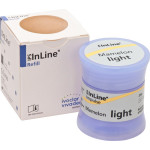 IPS InLine (Mamelon) (Light), Kerámia massza, Doboz, világos, 20 g, 1 darab IPS InLine (Mamelon) (Light), Kerámia massza, Doboz, világos, 20 g, 1 darab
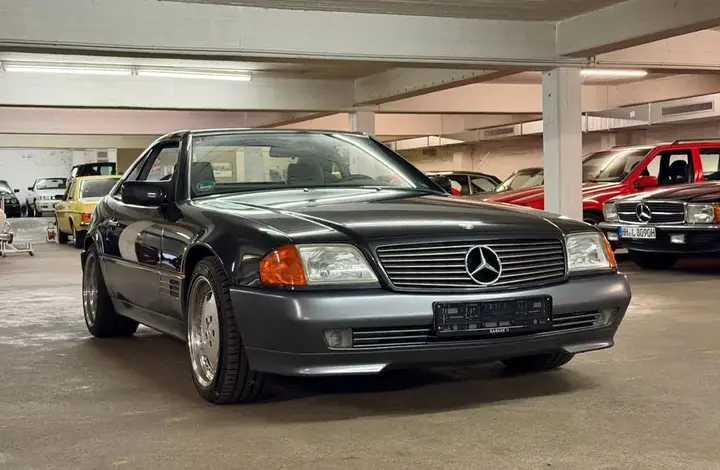 Mercedes-Benz 500 Sl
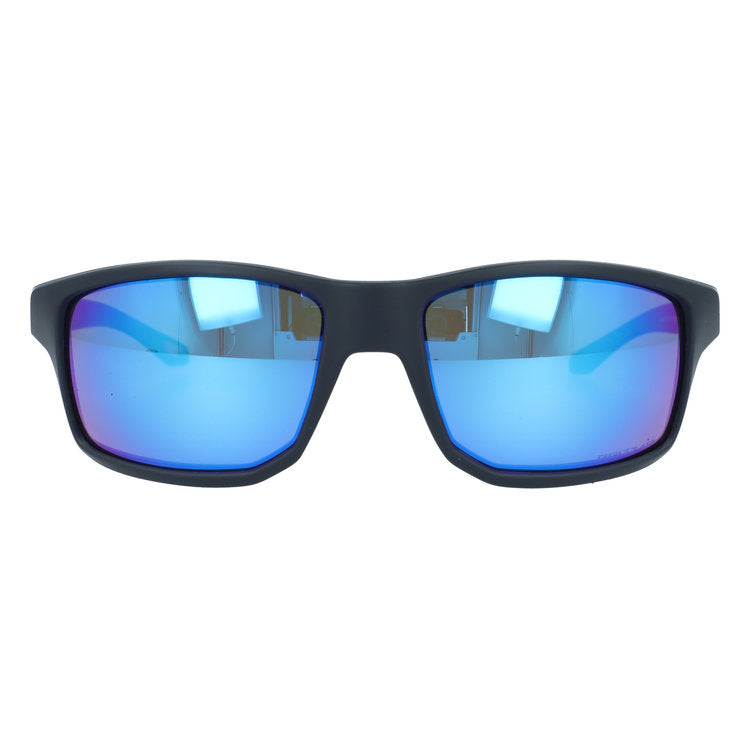 オークリー サングラス ギブストン 偏光サングラス プリズム ミラーレンズ レギュラーフィット OAKLEY GIBSTON OO9449-1260 61サイズ スクエア型 ポラライズド ユニセックス メンズ レディース ハイブリッジフィット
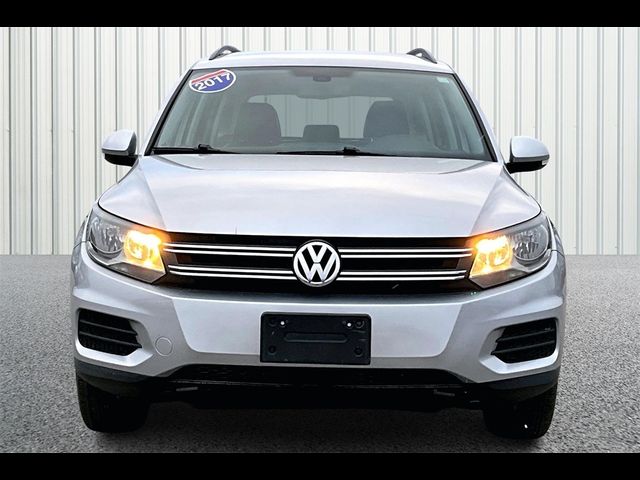 2017 Volkswagen Tiguan S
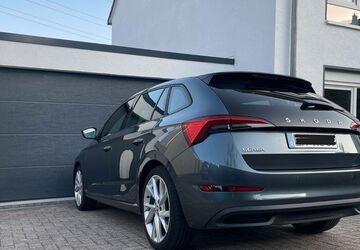 Skoda Scala 67.500 km 15.500 &euro; Sprockhövel 45549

• _TASK GOAL_: In the data above, find the line containing "オークリー サングラス ギブストン"; from there, please write out each line through the end, exactly, with the pictures omitted.

• _ANSWER_:
 オークリー サングラス ギブストン 偏光サングラス プリズム ミラーレンズ レギュラーフィット OAKLEY GIBSTON OO9449-1260 61サイズ スクエア型 ポラライズド ユニセックス メンズ レディース ハイブリッジフィット
 2017 Volkswagen Tiguan S
 Skoda Scala 67.500 km 15.500 &euro; Sprockhövel 45549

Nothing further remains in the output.